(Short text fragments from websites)
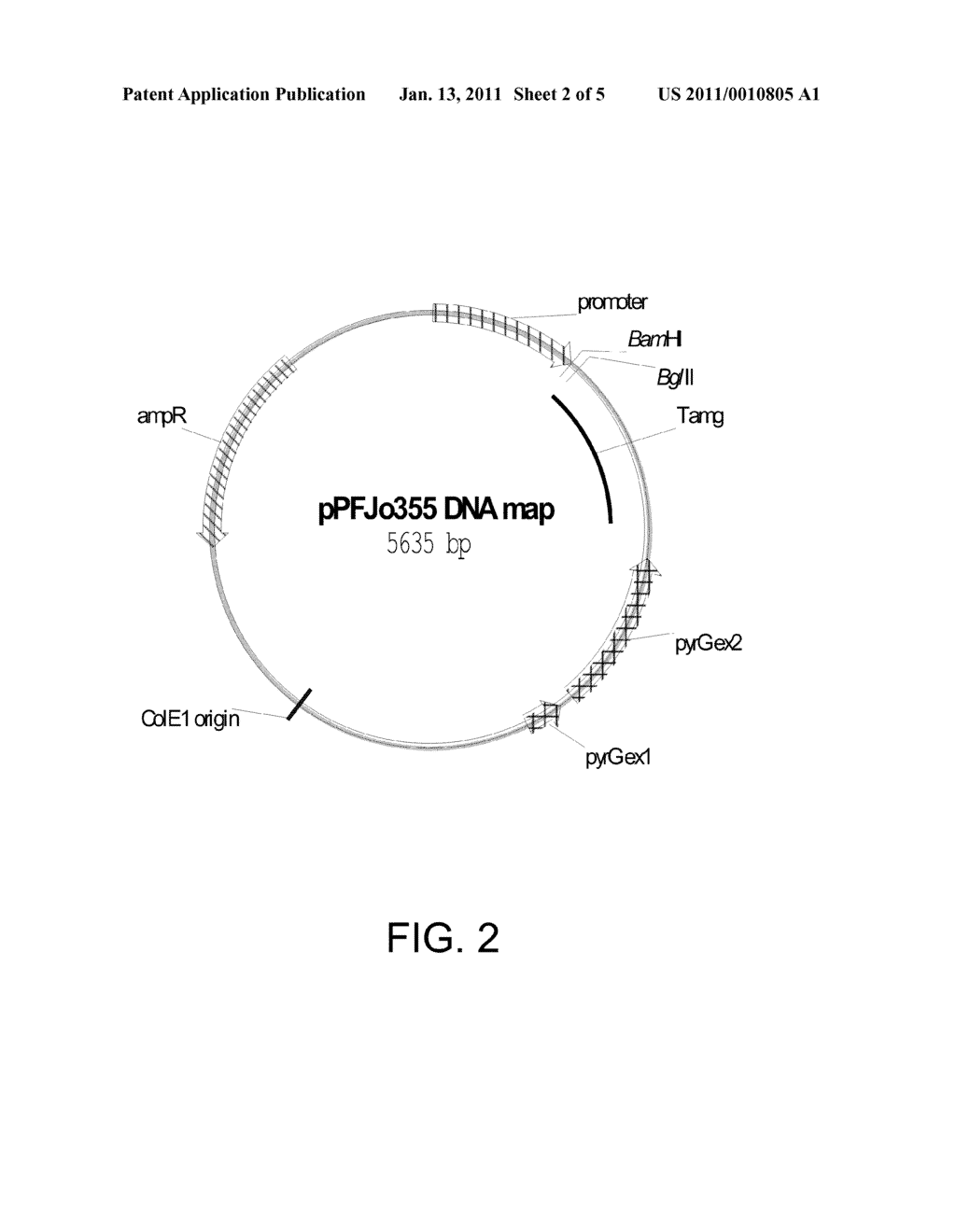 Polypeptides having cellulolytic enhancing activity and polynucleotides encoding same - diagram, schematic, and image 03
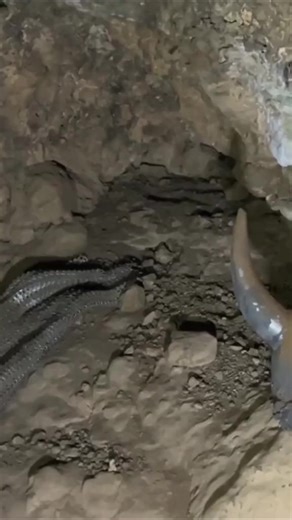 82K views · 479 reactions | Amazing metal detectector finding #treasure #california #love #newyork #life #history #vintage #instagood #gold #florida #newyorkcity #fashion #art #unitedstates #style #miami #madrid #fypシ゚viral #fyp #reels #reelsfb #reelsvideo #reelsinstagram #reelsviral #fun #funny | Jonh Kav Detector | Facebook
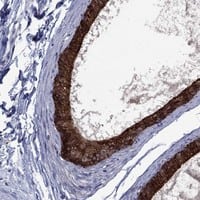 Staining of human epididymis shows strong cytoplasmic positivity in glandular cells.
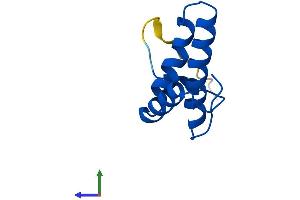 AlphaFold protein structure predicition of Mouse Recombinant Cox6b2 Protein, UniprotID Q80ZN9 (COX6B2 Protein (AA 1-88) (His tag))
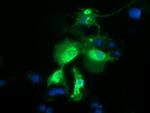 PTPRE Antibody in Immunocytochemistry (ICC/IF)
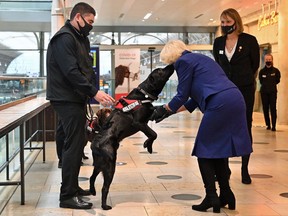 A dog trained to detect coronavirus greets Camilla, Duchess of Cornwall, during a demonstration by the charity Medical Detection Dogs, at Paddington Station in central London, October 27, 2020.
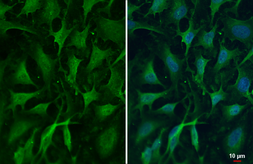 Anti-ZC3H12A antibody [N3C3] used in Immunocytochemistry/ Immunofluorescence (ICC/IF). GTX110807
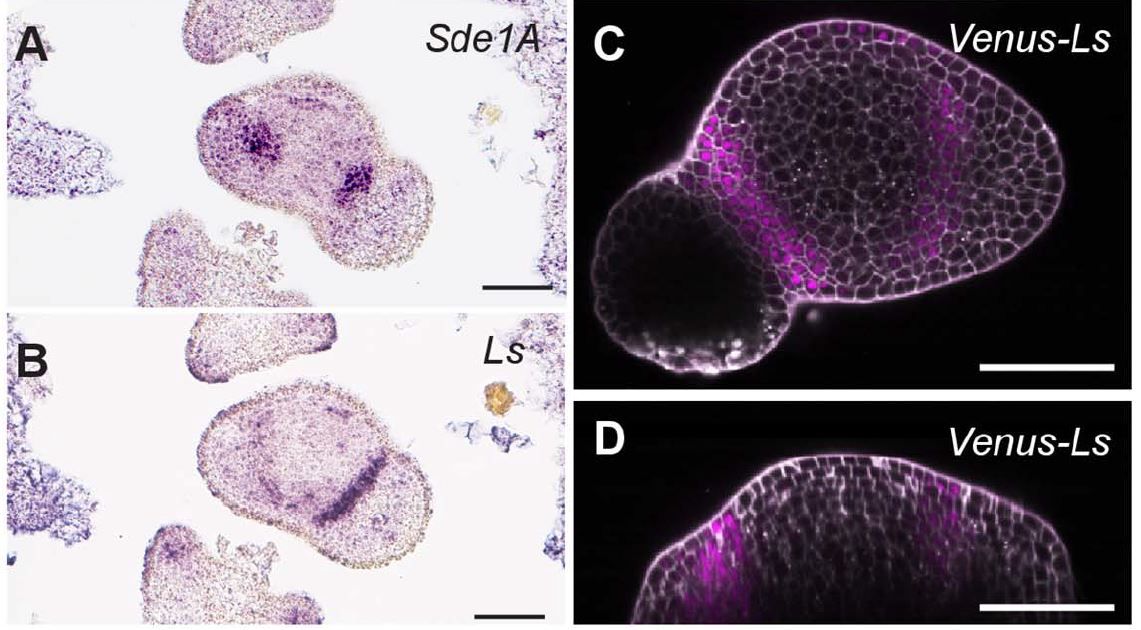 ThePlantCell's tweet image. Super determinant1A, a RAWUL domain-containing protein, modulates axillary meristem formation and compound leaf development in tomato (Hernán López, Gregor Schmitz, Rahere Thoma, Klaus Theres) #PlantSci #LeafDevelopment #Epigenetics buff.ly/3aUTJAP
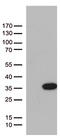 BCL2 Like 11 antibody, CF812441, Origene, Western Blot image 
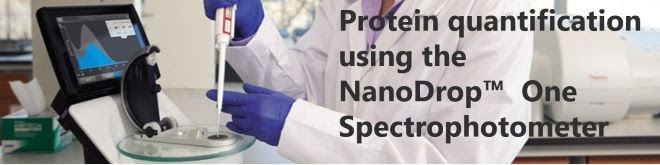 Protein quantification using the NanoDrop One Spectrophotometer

...

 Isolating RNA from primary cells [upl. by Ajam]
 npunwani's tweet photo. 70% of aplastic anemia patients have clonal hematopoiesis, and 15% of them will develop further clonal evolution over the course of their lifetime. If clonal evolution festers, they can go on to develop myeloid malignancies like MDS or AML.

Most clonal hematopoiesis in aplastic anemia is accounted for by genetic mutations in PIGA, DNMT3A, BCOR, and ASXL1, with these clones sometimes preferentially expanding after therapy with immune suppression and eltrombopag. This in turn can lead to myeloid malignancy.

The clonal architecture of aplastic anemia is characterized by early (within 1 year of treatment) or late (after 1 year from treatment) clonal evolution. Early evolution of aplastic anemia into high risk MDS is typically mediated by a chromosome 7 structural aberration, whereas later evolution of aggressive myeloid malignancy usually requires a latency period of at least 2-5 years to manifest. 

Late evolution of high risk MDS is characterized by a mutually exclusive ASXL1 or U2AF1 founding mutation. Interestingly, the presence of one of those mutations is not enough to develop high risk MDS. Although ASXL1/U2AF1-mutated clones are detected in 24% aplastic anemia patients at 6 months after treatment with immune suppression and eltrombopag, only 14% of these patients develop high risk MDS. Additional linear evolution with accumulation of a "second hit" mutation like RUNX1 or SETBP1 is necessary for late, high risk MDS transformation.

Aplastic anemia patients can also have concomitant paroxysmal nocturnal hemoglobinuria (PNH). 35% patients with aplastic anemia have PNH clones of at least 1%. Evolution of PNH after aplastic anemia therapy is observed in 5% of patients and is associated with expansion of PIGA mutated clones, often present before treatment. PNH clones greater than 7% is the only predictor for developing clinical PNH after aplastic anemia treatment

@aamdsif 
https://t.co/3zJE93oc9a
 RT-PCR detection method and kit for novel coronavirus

INSTRUCTIONS TO FOLLOW: The copy should hold only the lines from the one with "Polypeptides having cellulolytic" through the one with "Protein quantification using", exactly as they stand above. Leave out the pictures.

RESULT OF THIS TASK:
 Polypeptides having cellulolytic enhancing activity and polynucleotides encoding same - diagram, schematic, and image 03
 82K views · 479 reactions | Amazing metal detectector finding #treasure #california #love #newyork #life #history #vintage #instagood #gold #florida #newyorkcity #fashion #art #unitedstates #style #miami #madrid #fypシ゚viral #fyp #reels #reelsfb #reelsvideo #reelsinstagram #reelsviral #fun #funny | Jonh Kav Detector | Facebook
 Staining of human epididymis shows strong cytoplasmic positivity in glandular cells.
 AlphaFold protein structure predicition of Mouse Recombinant Cox6b2 Protein, UniprotID Q80ZN9 (COX6B2 Protein (AA 1-88) (His tag))
 PTPRE Antibody in Immunocytochemistry (ICC/IF)
 A dog trained to detect coronavirus greets Camilla, Duchess of Cornwall, during a demonstration by the charity Medical Detection Dogs, at Paddington Station in central London, October 27, 2020.
 Anti-ZC3H12A antibody [N3C3] used in Immunocytochemistry/ Immunofluorescence (ICC/IF). GTX110807
 ThePlantCell's tweet image. Super determinant1A, a RAWUL domain-containing protein, modulates axillary meristem formation and compound leaf development in tomato (Hernán López, Gregor Schmitz, Rahere Thoma, Klaus Theres) #PlantSci #LeafDevelopment #Epigenetics buff.ly/3aUTJAP
 BCL2 Like 11 antibody, CF812441, Origene, Western Blot image 
 Protein quantification using the NanoDrop One Spectrophotometer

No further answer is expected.